Dalam beberapa bulan terakhir, wakil sekretaris jenderal urusan kemanusiaan telah berulang kali mendesak Israel untuk mengizinkan bantuan kemanusiaan masuk ke Gaza, yang telah hancur akibat serangan militer Israel selama lebih dari lima bulan dan pembatasan ketat terhadap pasokan bantuan.
Setelah 3 tahun bekerja, saya telah memberi tahu @antonioguterres niat saya untuk mundur pada bulan Juni.
Untuk semua orang di @UNOCHA, itu merupakan keistimewaan dalam hidupku. Saya sangat berhutang budi pada Anda.
Kepada semua mitra dan pendukung, terima kasih telah memperjuangkan perjuangan masyarakat yang berada dalam krisis.
— Martin Griffiths (@UNReliefChief) 25 Maret 2024
Beberapa LSM dan organisasi hak asasi manusia menuduh Israel sengaja memblokir bantuan ke Gaza karena peringatan akan meningkatnya kelaparan di jalur yang terkepung. Israel membantah tuduhan tersebut.
Bulan lalu, Griffiths memperingatkan Israel untuk tidak mengabaikan seruan menentang rencana serangan di kota Rafah di Gaza selatan, tempat 1,5 juta warga Palestina berlindung, dan memperingatkan bahwa operasi Israel “dapat menyebabkan pembantaian”.
“Serangan tanggal 7 Oktober terhadap Israel sangat mengerikan – saya telah berulang kali mengutuk serangan tersebut dan akan terus melakukan hal yang sama. Tapi mereka tidak bisa membenarkan apa yang terjadi pada setiap anak, perempuan dan laki-laki di Gaza,” tulis Griffiths dalam sebuah opini untuk Al Jazeera pada bulan Februari.
Ia juga memperingatkan krisis kemanusiaan lain yang sedang terjadi di seluruh dunia.
Bulan ini, dia memperingatkan bahwa hampir lima juta orang di Sudan bisa menderita kelaparan parah dalam beberapa bulan mendatang.
Dia juga menghadapi kritik atas karyanya.
Setelah kunjungannya ke Myanmar yang dilanda konflik pada Agustus lalu, kelompok masyarakat sipil mengatakan kunjungannya gagal mencapai kemajuan substansial dalam bantuan kemanusiaan dan memberikan legitimasi kepada para pemimpin kudeta militer yang telah “mempersenjatai bantuan”.
Dalam sebuah pernyataan setelah kunjungannya, Griffiths mencatat bahwa krisis yang terjadi berturut-turut telah menyebabkan sepertiga penduduk Myanmar membutuhkan bantuan, dan dia meminta militer untuk meningkatkan akses terhadap bantuan kemanusiaan.
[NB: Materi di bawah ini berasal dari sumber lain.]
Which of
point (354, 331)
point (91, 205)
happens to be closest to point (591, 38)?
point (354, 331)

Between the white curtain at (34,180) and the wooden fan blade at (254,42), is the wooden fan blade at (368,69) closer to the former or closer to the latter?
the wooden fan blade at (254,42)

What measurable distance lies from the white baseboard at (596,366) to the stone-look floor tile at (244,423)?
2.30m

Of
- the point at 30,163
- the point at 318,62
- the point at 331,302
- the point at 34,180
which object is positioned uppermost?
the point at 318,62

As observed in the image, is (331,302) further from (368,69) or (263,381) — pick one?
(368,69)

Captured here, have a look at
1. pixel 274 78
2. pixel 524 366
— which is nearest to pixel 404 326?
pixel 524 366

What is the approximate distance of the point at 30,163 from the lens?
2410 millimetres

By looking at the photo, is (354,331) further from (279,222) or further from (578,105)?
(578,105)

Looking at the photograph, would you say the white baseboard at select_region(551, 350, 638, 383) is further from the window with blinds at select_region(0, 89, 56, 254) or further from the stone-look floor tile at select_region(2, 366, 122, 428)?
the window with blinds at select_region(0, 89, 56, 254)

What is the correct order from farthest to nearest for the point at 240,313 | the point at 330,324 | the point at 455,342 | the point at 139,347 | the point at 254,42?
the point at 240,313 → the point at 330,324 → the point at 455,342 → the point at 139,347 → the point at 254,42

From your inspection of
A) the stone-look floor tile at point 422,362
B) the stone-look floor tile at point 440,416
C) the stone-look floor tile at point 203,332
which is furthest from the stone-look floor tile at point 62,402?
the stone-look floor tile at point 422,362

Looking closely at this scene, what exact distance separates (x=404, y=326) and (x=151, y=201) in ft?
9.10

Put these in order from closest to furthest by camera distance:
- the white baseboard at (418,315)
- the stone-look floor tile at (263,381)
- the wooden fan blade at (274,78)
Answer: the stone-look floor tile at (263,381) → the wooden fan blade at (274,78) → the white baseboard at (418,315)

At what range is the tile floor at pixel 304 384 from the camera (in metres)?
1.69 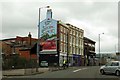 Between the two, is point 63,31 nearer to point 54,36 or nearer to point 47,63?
point 54,36

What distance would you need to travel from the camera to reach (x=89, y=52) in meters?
115

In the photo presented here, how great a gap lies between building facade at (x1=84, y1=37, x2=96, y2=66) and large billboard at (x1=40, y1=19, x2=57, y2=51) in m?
29.3

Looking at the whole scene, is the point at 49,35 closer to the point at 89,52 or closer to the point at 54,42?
the point at 54,42

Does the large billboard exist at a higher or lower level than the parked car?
higher

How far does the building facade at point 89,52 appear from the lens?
362 ft

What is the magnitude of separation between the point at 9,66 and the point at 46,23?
3180cm

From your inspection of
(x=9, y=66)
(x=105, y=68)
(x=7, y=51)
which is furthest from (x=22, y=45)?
(x=105, y=68)

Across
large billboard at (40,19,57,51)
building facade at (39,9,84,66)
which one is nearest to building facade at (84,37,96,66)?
building facade at (39,9,84,66)

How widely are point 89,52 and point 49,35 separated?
3705cm

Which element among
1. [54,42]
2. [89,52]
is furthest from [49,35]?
[89,52]

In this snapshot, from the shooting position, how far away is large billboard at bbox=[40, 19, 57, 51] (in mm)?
79875

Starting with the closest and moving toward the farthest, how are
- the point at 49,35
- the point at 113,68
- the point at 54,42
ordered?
1. the point at 113,68
2. the point at 54,42
3. the point at 49,35

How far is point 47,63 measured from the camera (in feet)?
249

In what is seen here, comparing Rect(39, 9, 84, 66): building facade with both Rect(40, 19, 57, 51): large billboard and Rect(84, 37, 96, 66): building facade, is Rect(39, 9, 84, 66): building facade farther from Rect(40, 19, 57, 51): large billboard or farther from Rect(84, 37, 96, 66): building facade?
Rect(84, 37, 96, 66): building facade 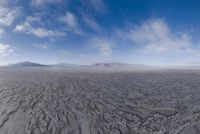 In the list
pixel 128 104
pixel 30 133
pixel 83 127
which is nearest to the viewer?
pixel 30 133

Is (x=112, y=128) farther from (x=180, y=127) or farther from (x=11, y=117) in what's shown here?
(x=11, y=117)

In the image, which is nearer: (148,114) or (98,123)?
(98,123)

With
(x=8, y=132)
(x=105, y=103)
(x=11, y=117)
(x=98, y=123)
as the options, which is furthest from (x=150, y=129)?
(x=11, y=117)

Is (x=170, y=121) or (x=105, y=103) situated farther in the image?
(x=105, y=103)

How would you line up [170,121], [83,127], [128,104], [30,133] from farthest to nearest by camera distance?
[128,104] < [170,121] < [83,127] < [30,133]

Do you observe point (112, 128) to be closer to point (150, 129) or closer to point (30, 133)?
point (150, 129)

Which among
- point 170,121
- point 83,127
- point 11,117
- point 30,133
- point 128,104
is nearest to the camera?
point 30,133

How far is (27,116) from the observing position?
425 inches

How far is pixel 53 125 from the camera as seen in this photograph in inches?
A: 366

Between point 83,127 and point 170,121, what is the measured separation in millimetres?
6549

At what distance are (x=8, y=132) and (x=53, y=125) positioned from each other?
285 centimetres

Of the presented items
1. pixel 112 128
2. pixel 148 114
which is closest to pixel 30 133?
pixel 112 128

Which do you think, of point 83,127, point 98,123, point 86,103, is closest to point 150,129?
point 98,123

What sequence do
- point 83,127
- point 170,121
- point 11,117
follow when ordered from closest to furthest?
point 83,127
point 170,121
point 11,117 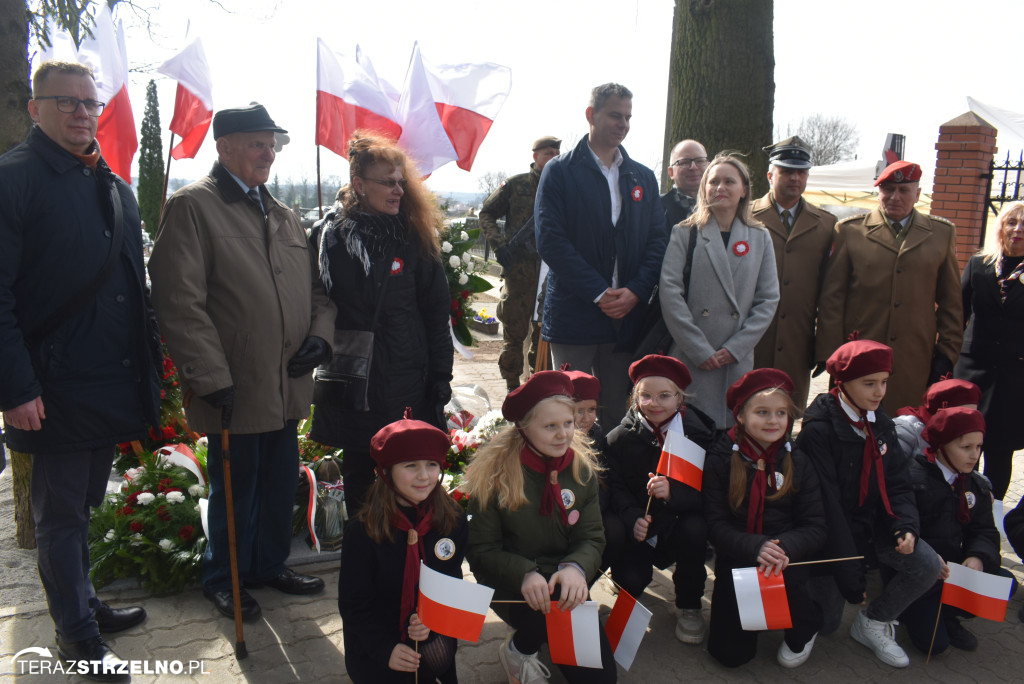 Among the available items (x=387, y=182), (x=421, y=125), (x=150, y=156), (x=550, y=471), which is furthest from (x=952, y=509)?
(x=150, y=156)

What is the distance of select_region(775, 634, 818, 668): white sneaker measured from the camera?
300 cm

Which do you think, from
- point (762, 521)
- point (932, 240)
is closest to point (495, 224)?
point (932, 240)

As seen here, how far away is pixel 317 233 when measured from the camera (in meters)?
3.39

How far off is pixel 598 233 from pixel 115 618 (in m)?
2.84

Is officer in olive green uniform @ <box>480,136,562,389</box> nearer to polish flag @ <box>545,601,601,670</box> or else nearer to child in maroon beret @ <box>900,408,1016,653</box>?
child in maroon beret @ <box>900,408,1016,653</box>

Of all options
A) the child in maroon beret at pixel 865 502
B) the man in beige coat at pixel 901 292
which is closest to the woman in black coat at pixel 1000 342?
the man in beige coat at pixel 901 292

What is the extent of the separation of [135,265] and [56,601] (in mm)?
1272

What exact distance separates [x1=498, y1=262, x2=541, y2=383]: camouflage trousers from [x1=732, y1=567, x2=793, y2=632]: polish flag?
306cm

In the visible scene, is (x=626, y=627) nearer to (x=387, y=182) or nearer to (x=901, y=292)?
(x=387, y=182)

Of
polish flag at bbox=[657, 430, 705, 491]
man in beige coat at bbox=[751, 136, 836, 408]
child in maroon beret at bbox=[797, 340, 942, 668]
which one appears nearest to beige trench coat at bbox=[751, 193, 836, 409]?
man in beige coat at bbox=[751, 136, 836, 408]

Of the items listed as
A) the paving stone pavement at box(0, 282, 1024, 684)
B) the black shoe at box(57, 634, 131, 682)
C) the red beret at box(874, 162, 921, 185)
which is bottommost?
the paving stone pavement at box(0, 282, 1024, 684)

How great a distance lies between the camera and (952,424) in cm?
323

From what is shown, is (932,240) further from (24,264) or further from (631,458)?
(24,264)

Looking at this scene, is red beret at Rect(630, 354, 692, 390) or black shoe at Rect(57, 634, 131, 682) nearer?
black shoe at Rect(57, 634, 131, 682) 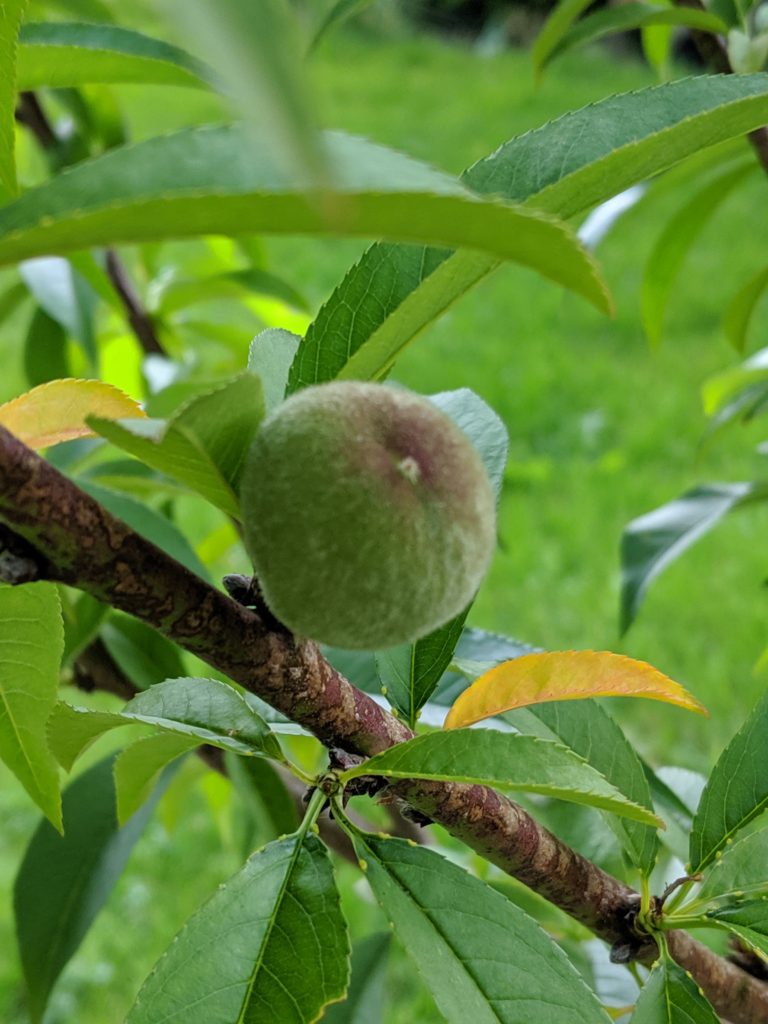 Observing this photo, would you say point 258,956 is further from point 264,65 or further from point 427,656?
point 264,65

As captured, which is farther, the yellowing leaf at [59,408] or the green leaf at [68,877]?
the green leaf at [68,877]

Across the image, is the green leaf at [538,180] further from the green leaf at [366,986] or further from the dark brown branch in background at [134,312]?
the dark brown branch in background at [134,312]

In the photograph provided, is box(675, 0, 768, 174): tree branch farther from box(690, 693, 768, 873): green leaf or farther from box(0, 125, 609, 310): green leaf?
box(0, 125, 609, 310): green leaf

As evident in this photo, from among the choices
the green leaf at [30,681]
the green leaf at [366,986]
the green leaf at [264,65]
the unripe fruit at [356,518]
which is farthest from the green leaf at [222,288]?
the green leaf at [264,65]

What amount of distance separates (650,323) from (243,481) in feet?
3.14

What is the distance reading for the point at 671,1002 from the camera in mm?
550

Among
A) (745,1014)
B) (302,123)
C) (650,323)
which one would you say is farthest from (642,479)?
(302,123)

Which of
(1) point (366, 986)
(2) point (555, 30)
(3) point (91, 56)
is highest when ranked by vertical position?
(3) point (91, 56)

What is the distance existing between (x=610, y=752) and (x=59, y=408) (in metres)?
0.36

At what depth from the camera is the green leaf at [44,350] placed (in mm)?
1315

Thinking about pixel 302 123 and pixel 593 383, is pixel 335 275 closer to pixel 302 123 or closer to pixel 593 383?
pixel 593 383

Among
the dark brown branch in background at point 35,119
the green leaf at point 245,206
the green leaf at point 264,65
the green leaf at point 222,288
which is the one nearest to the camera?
the green leaf at point 264,65

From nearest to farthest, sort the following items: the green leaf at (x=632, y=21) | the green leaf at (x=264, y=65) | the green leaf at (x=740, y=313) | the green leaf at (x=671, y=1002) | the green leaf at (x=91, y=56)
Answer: the green leaf at (x=264, y=65) < the green leaf at (x=671, y=1002) < the green leaf at (x=91, y=56) < the green leaf at (x=632, y=21) < the green leaf at (x=740, y=313)

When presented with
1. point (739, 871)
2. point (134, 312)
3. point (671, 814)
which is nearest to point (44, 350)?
point (134, 312) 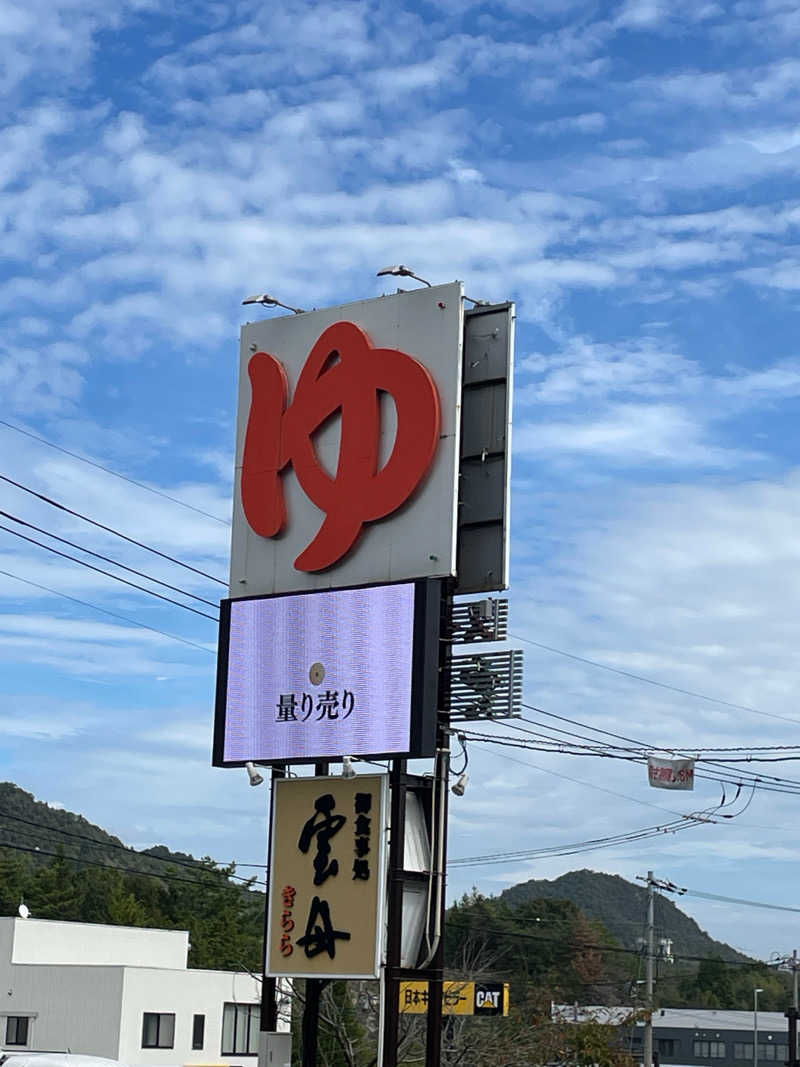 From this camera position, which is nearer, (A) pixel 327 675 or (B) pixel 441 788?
(B) pixel 441 788

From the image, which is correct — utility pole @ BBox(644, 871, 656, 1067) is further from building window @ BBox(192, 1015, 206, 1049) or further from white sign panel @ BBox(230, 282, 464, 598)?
white sign panel @ BBox(230, 282, 464, 598)

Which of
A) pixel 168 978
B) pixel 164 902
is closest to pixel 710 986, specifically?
pixel 164 902

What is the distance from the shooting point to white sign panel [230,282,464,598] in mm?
22438

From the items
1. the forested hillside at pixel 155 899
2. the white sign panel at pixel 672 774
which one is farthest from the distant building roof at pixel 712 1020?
the white sign panel at pixel 672 774

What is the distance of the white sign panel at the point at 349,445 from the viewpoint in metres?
22.4

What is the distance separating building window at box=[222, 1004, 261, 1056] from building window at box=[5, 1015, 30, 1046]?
612cm

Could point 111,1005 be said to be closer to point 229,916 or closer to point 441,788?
point 441,788

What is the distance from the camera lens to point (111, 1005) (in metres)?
46.6

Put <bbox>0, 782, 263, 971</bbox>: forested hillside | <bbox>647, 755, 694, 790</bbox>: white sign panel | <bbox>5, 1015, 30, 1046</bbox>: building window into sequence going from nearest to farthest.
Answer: <bbox>647, 755, 694, 790</bbox>: white sign panel
<bbox>5, 1015, 30, 1046</bbox>: building window
<bbox>0, 782, 263, 971</bbox>: forested hillside

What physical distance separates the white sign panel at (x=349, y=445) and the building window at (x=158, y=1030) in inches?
1069

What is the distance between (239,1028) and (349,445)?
32348mm

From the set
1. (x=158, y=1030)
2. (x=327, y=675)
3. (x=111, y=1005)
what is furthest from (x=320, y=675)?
(x=158, y=1030)

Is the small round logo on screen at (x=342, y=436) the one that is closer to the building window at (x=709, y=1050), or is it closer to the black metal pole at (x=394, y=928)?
the black metal pole at (x=394, y=928)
“Kami membutuhkan akses yang lebih baik sehingga kami dapat membantu mereka setiap hari, setiap hari, setiap minggu, dengan aman dan terjamin,” katanya.
Griffiths sebelumnya menjabat sebagai utusan khusus PBB untuk Yaman dan menjadi penasihat di Suriah.
Ia juga pernah bekerja untuk organisasi kemanusiaan internasional lainnya, termasuk UNICEF, Save the Children dan ActionAid.